Playing God with People’s Lives
By Mark Luedtke
This may come as a shock to federal bureaucrats, but every few decades, the Mississippi River floods, big time. Every century or so, it floods even more impressively. For the entire history of humanity, people have known how to deal with floods. Individuals who chose to live and work along rivers reaped the rewards and accepted the consequences of flooding. They prepared. When the river flooded, they grabbed what they had prepared, and they got out of the way. They incurred the cost of whatever damage the flood did to their property, and they made the decision whether to rebuild or not based on what was in their best interests using their own resources. By applying this simple wisdom, men adapted to changing nature, tamed rivers, prospered and advanced civilization while minimizing the damage from floods.

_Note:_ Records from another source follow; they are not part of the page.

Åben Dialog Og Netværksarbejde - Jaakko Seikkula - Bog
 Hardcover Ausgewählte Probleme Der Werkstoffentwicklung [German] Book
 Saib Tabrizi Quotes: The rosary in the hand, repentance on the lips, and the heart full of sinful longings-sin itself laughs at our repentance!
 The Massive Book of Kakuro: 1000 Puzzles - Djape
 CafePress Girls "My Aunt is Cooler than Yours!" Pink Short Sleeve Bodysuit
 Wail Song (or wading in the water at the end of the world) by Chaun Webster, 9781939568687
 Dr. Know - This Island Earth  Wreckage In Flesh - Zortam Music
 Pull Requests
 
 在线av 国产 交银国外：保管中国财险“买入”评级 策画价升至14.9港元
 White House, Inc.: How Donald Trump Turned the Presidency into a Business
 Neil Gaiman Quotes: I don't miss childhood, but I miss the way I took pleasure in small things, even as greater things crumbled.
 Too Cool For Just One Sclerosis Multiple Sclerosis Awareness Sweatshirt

Until a century ago. That’s when governments became so powerful that politicians decided to play God with rivers and the lives of people who live by them. You don’t have to go all the way to the Mississippi to see this. You can see it in downtown Dayton, where two worse-than-worthless dams make the Great Miami River unusable. It’s mind-boggling the people of Dayton allowed the government to steal their money to build the dams that rendered the beautiful river through Dayton unusable. We can’t swim. We can’t boat. We can’t tube. Dayton’s rulers only allow us serfs to use the river in the government-blessed paddle-boats at Riverscape, which are almost never available.
But government playing God with the Mississippi is wiping out lives. Nearly a century ago, people recognized that the Mississippi was changing course. Every year more water was flowing through the Old River into the Atchafalaya River. In the natural course of things, less water would have flowed through Baton Rouge and New Orleans, and more would have flowed down the Atchafalaya to Morgan City, La. People would have adapted by developing new businesses or migrating from Baton Rouge and New Orleans to Morgan City and other locations along the new route. Human advancement would have continued. Civilization would have progressed.
But government is the enemy of progress. It’s the enforcer of the status quo. By early this century, the big government created by Woodrow Wilson and funded by the newly created income tax and Federal Reserve thought itself omnipotent. It was ready to play God with the river and the lives of people who lived along it. So government stole billions of dollars from the people, and the Army Corps of Engineers built a monstrous system of locks and levees on the river to prevent the natural progression of nature and man. It was doomed to fail.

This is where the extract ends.